──────── Provided records ────────

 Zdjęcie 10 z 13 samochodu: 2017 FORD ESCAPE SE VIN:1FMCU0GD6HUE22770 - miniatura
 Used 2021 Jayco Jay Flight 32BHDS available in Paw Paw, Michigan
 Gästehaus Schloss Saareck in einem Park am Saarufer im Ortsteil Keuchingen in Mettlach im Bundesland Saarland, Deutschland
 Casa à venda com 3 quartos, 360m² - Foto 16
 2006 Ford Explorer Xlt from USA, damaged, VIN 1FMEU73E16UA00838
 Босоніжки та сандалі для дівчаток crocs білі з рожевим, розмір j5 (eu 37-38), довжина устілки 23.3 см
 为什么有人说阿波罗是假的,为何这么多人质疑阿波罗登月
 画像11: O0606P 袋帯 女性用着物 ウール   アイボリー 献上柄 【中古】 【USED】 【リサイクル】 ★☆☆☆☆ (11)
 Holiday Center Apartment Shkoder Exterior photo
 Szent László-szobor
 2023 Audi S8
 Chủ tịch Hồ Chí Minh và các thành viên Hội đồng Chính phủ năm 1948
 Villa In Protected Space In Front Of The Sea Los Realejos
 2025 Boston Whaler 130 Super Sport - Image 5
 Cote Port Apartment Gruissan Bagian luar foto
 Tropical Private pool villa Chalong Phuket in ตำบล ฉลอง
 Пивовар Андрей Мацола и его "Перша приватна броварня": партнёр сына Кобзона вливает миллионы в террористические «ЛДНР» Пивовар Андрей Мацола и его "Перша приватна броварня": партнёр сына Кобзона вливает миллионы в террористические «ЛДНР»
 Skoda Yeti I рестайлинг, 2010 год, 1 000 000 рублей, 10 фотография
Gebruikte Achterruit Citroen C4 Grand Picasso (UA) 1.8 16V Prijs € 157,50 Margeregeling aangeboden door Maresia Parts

────────

**Task to complete:**
In how many lines of the preceding material does the word "Apartment" occur? Answer with the number only.

**Solution below:**
2